Publication of industry association review by German auto maker follows ongoing legal action by investors.

Volkswagen has published the first review of its trade associations this week, less than a year after European pension funds began legal proceedings against the German car maker over its repeated refusal to table a shareholder proposal on the issue.   

In October, six investors, including Swedish government pension fund AP7 and the Church of England Pensions Board (CEPB), started legal action against Volkswagen after the company once again refused to table their climate lobbying proposal, arguing that the topic was beyond the competence of shareholders.

Both AP7 and CEPB declined to comment when contacted by Responsible Investor about Volkswagen’s association climate review due to the ongoing legal case.  

That lawsuit, which is believed to be the first time investors have started litigation on a climate-related matter in Europe, will test whether Volkswagen has the right to exclude such an item from its annual general meeting. The result could have wide-ranging consequences for investor stewardship in Europe. 

AP7 has pushed for the right to table a shareholder proposal at VW for several years. In 2019, RI spoke to the fund’s head of ESG, Charlotta Dawidowski Sydstrand. She said AP7 was “open” to pursuing a legal route, following a refusal by five German firms – including Volkswagen – to table climate lobbying proposals.  

Last month, CEPB, which leads engagement with Volkswagen as part of Climate Action 100+, pre-declared its intention to vote against the company’s management and supervisory boards for the second year in a row, in response to its failure to meet expectations around climate lobbying and emission reduction targets.     

AP7 also voted against Volkswagen’s whole board last year, as it has done for the last several years, mainly in response to the firm’s management of the diesel-gate scandal. 

Dawidowski Sydstrand told RI last month that the fund this year may also vote against the ratification of the auditors “if the auditor statement falls far short of meeting the investor expectations for Paris-aligned accounts”.  

Given the focus on the issue, Volkswagen’s review may be at least in part a response to pressure from investors.  

Despite the company’s opposition to the shareholder proposal, Volkswagen said this week that the review – and the process behind it – were “a good instrument for evaluating the alignment between [our] positions and those of associations on the subject of climate protection”.

It thus contributes to our efforts to achieve the climate protection goals,” the firm added. 

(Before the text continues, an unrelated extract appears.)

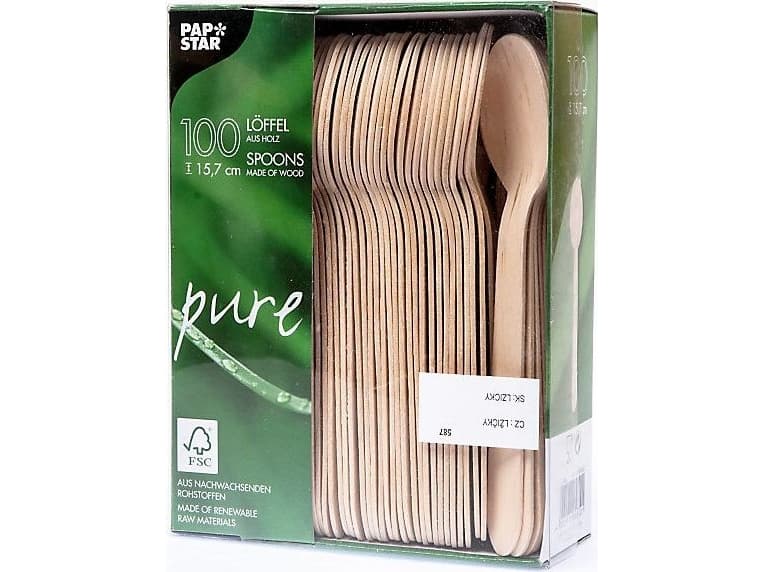 Staples Papstar Wood Spoons Pure 15.7cm 100 pieces per package (PP0428)
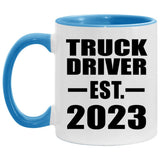 Truck Driver Established EST. 2023 - 11oz Accent Mug Blue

CEPB, AP7 and BNP Paribas Asset Management, which have led the push on climate lobbying at European companies since 2018, were also behind the creation of the Global Standard on Responsible Climate Lobbying. 

RI understands that more than 30 European firms targeted by CA100+ have now made some degree of disclosure around trade bodies, including Volkswagen’s peers BMW and Mercedes-Benz. 

UK fund manager Schroders was one of the co-filers of the blocked proposal at Volkswagen last year. Climate engagement lead Carol Storey also welcomed the auto maker’s report, describing it as “a positive step towards ensuring accountability for corporate lobbying activities that can significantly impact climate policy and action”.